• _Your instructions_
Transcribe the records below word for word, leaving every picture out.

[Scraped caption text data]
------------------------------------------------
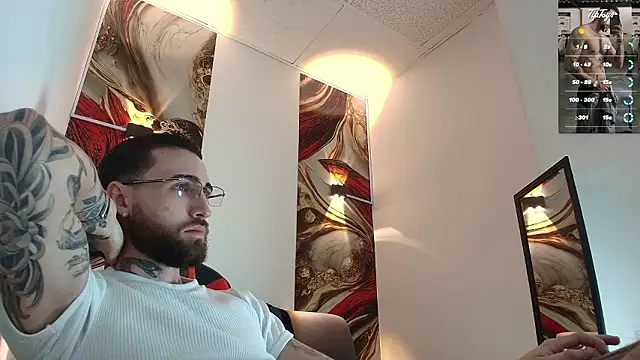 Luke davis01 online show from February 9, 1:05 pm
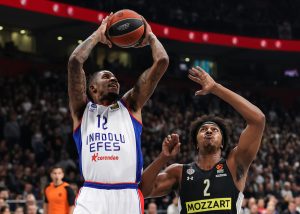 (POLUVREME) MUČE SE CRNO-BELI U NAPADU: Partizan gubi od Efesa nakon 20 minuta igre!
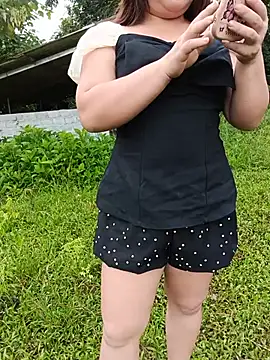 Lily Henry online show from July 4, 11:33 pm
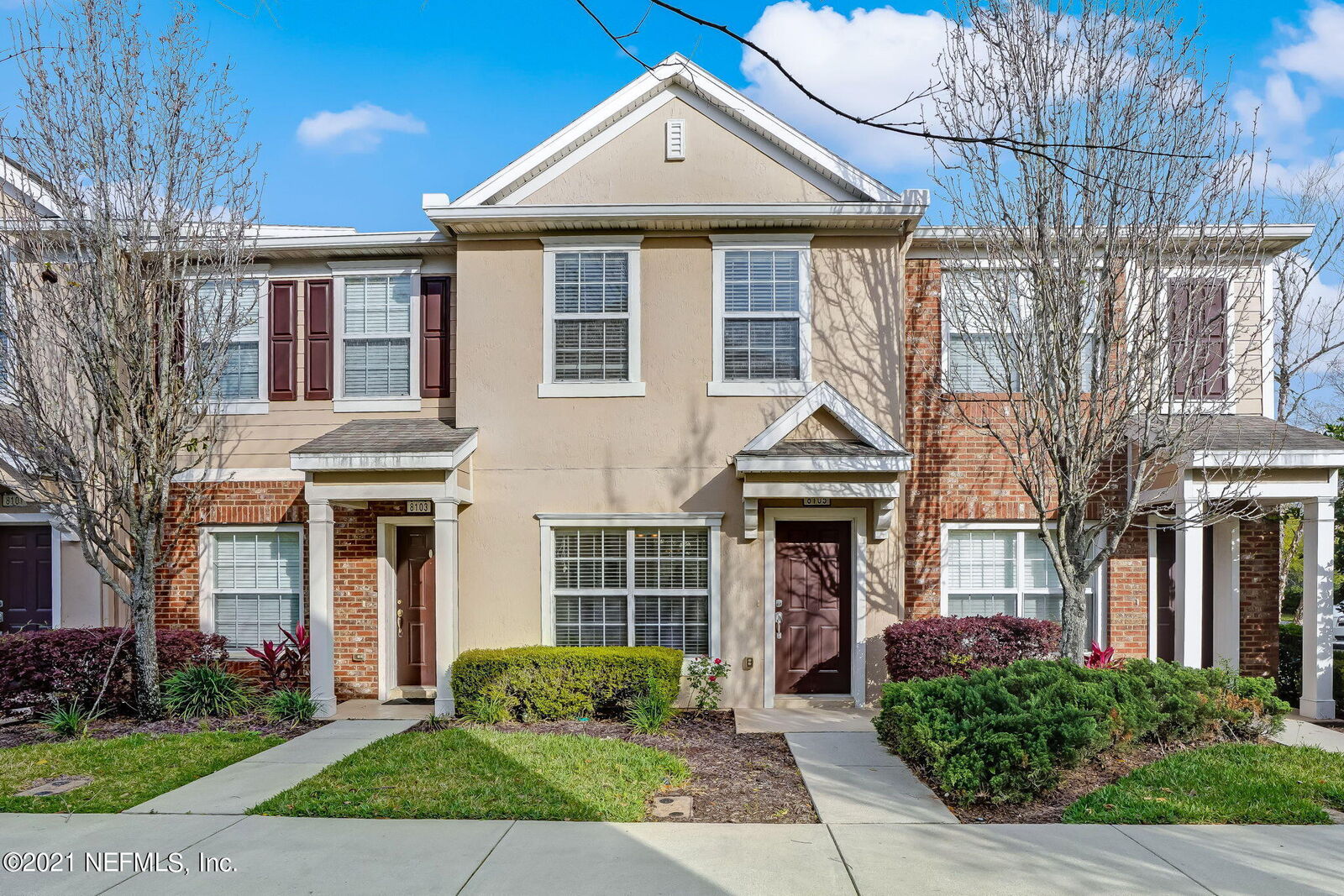 Property Photo:  8105 Summergate Court  FL 32256 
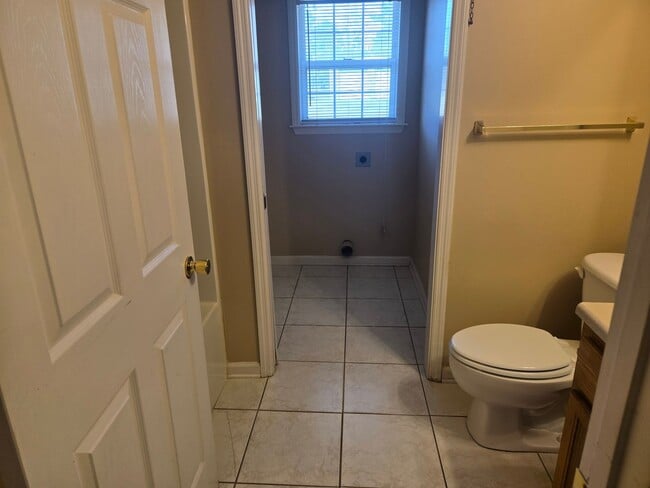 Building Photo - Beautiful duplex in Valdosta, Ga!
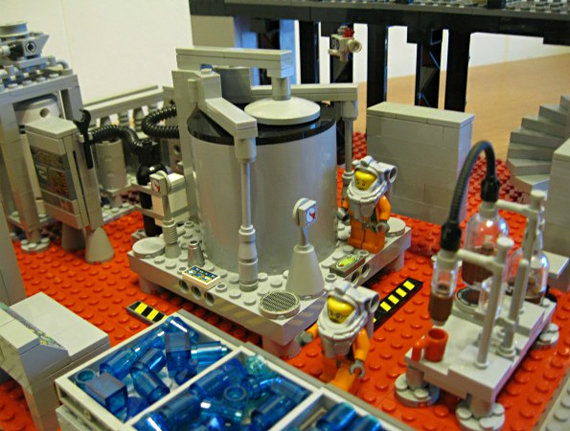 breaking-bad-LEGO-meth-lab.jpg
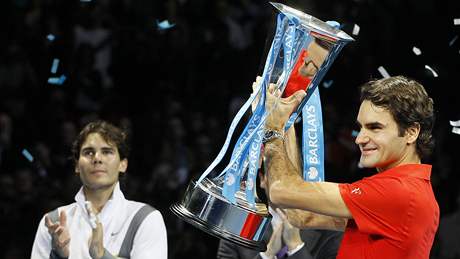Oba králové souasného tenisu se letos utkali dvakrát. V Madridu zvítzil Nadal, Federer mu poráku oplatil ve finále listopadového Turnaje mistr (na snímku)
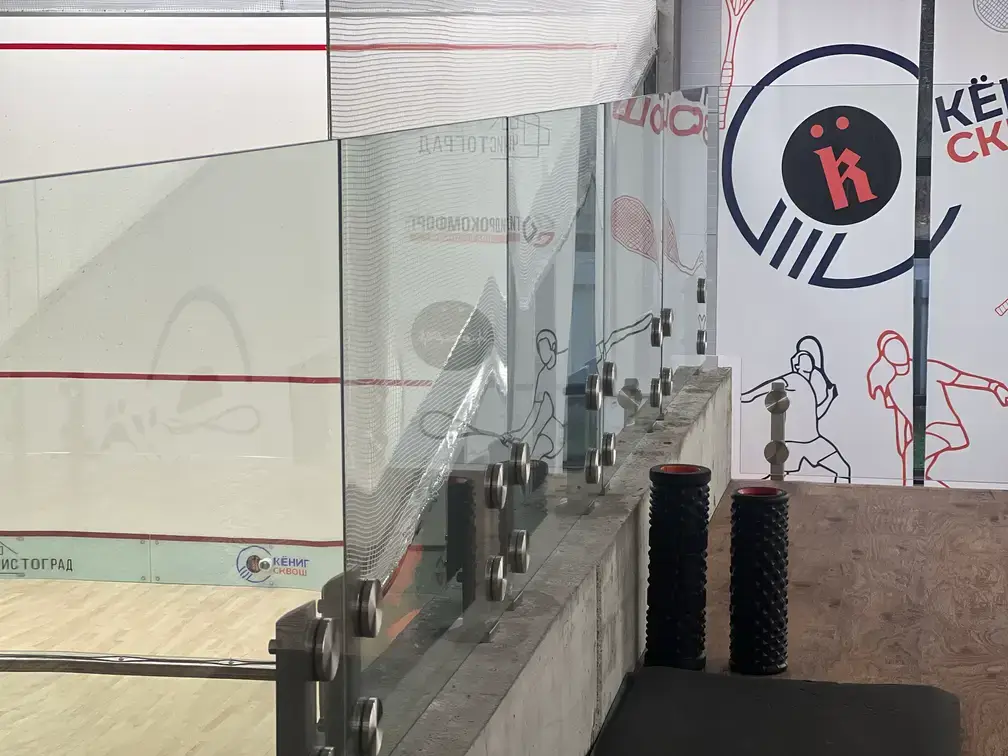 Балконные ограждения из стекла для коммерческих объектов cover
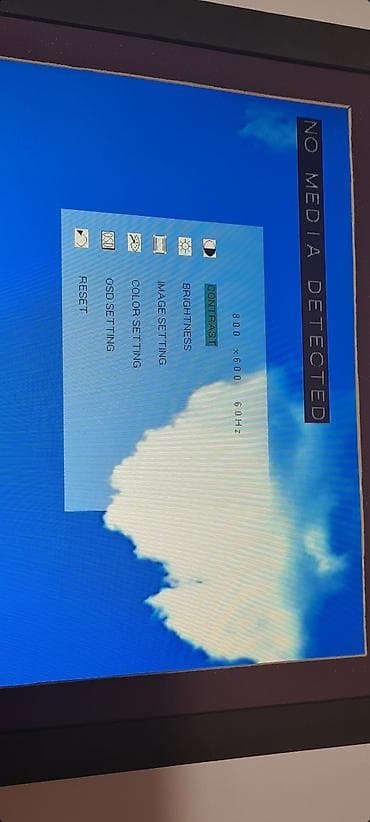 ram za fotografije: ▪︎ Digitalni foto‑ram sa ekranom u drvenom ramu: Compositor — 8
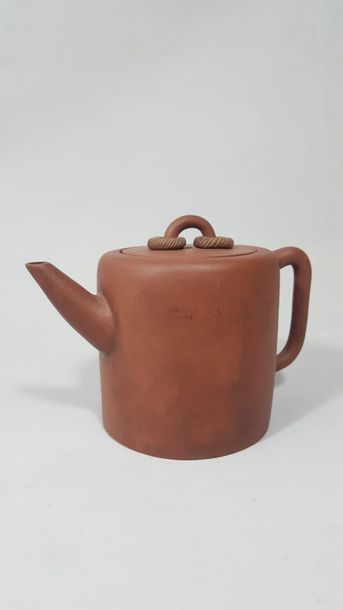 null CHINE, Fours de Yaozhou - XXe siècle

Théière de forme cylindrique en grès brun...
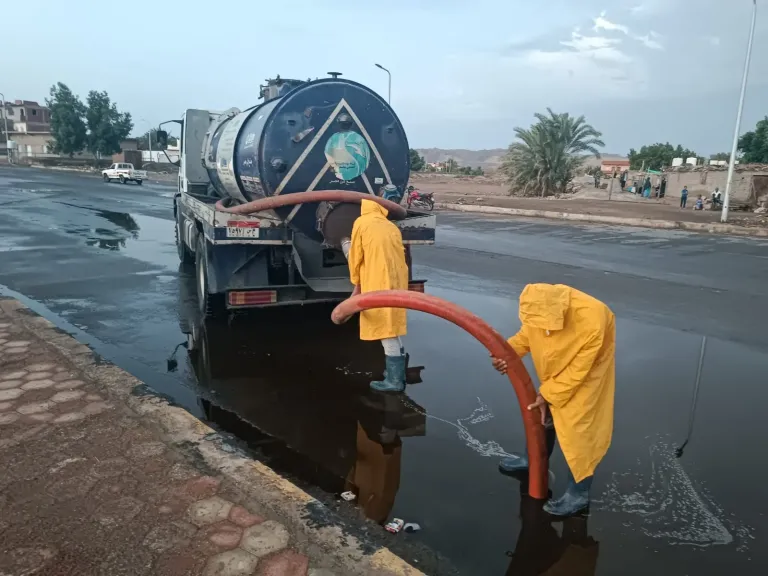 مياه البحر الأحمر تواصل سحب تجمعات الأمطار بالقصير وتعلن استمرار حالة الطوارئ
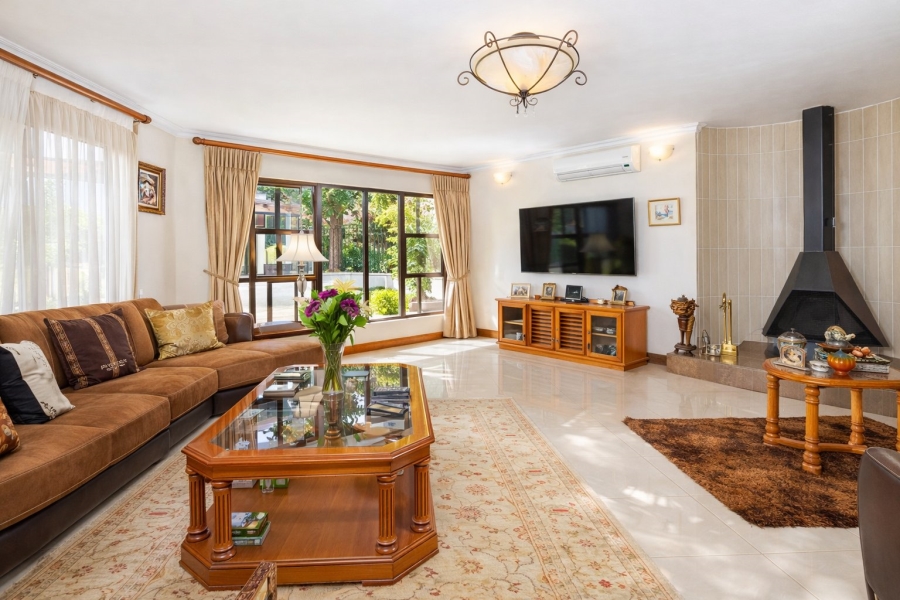 5 Bedroom Property for Sale in Caribbean Beach Club North West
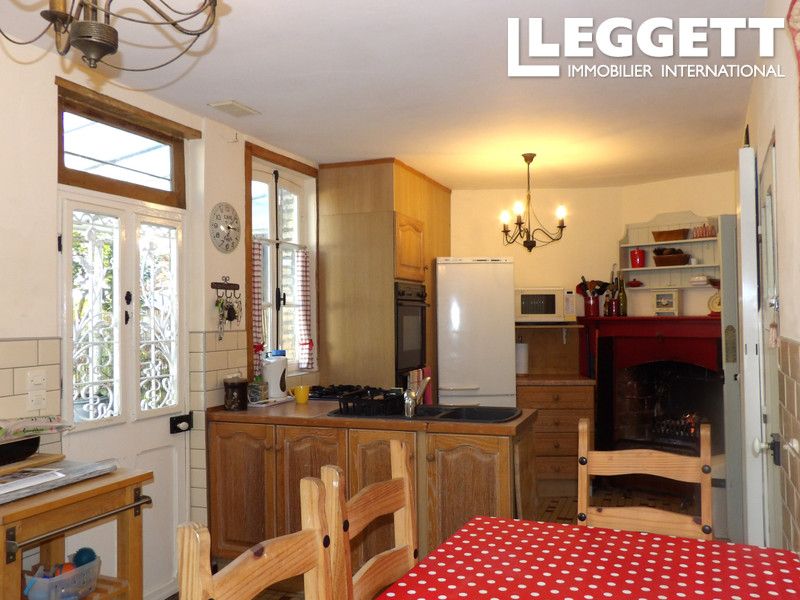 Property photo 2 of 10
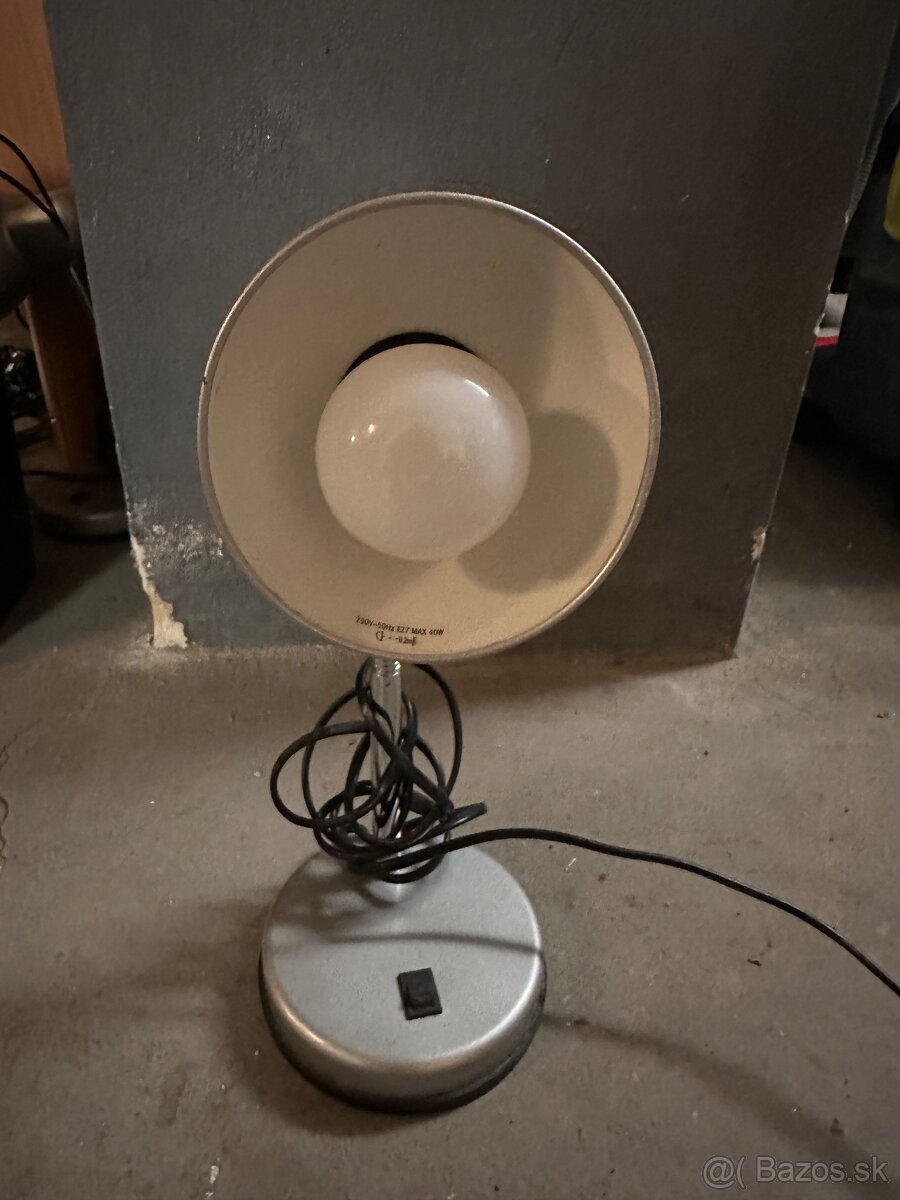 Predam malu stolovu lampu. - 2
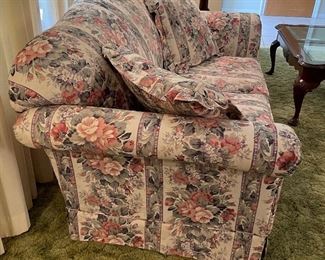 12______$150 
Floral loveaseat&nbsp;
  • 34 high 64 wide 26deep 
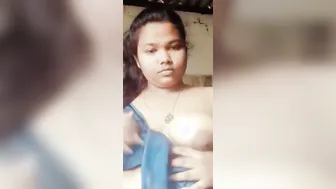 Desi GF Showing Off Her Round Boobs In Bedroom Alone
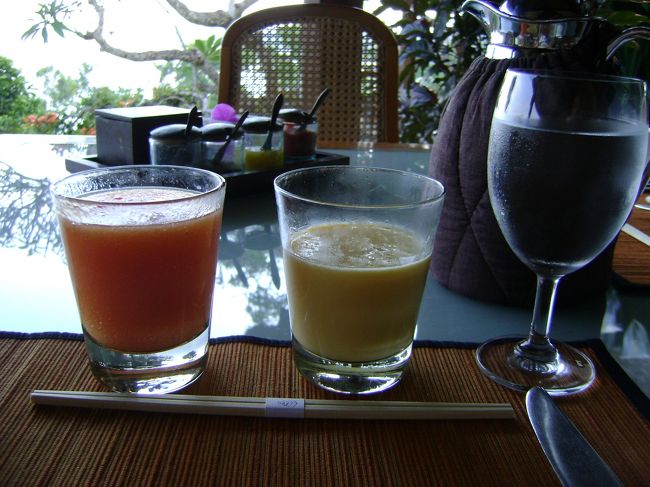 <br />　パパイヤジュースとスムージー。<br /><br />　当たり前だけど美味しい。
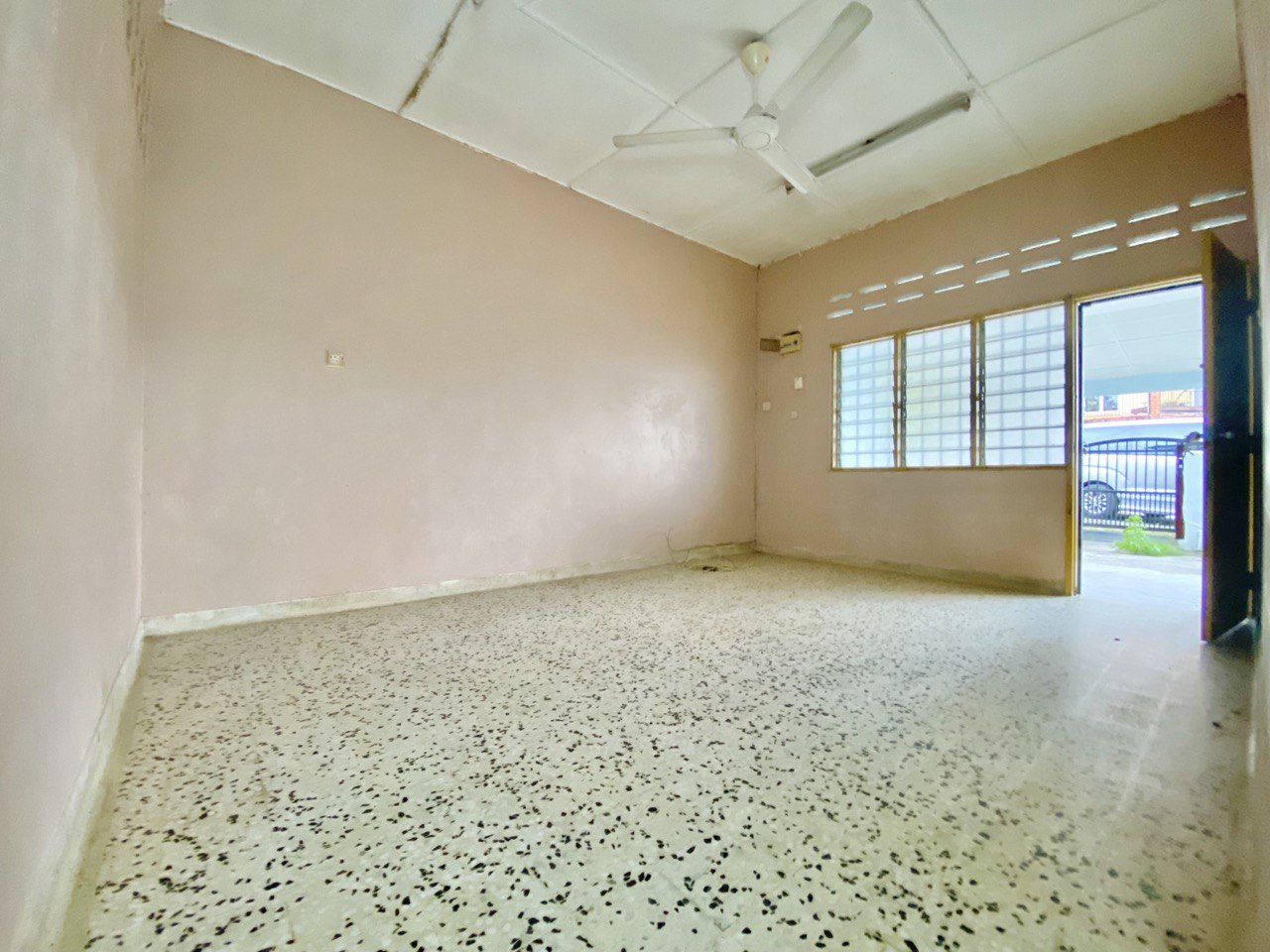 FREEHOLD 1 Sty Taman Perwira Gombak - photo 4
------------------------------------------------
• _Answer to the exercise_
 Luke davis01 online show from February 9, 1:05 pm
 (POLUVREME) MUČE SE CRNO-BELI U NAPADU: Partizan gubi od Efesa nakon 20 minuta igre!
 Lily Henry online show from July 4, 11:33 pm
 Property Photo:  8105 Summergate Court  FL 32256 
 Building Photo - Beautiful duplex in Valdosta, Ga!
 breaking-bad-LEGO-meth-lab.jpg
Oba králové souasného tenisu se letos utkali dvakrát. V Madridu zvítzil Nadal, Federer mu poráku oplatil ve finále listopadového Turnaje mistr (na snímku)
 Балконные ограждения из стекла для коммерческих объектов cover
 ram za fotografije: ▪︎ Digitalni foto‑ram sa ekranom u drvenom ramu: Compositor — 8
 null CHINE, Fours de Yaozhou - XXe siècle

Théière de forme cylindrique en grès brun...
 مياه البحر الأحمر تواصل سحب تجمعات الأمطار بالقصير وتعلن استمرار حالة الطوارئ
 5 Bedroom Property for Sale in Caribbean Beach Club North West
 Property photo 2 of 10
 Predam malu stolovu lampu. - 2
 12______$150 
Floral loveaseat&nbsp;
  • 34 high 64 wide 26deep 
 Desi GF Showing Off Her Round Boobs In Bedroom Alone
 <br />　パパイヤジュースとスムージー。<br /><br />　当たり前だけど美味しい。
 FREEHOLD 1 Sty Taman Perwira Gombak - photo 4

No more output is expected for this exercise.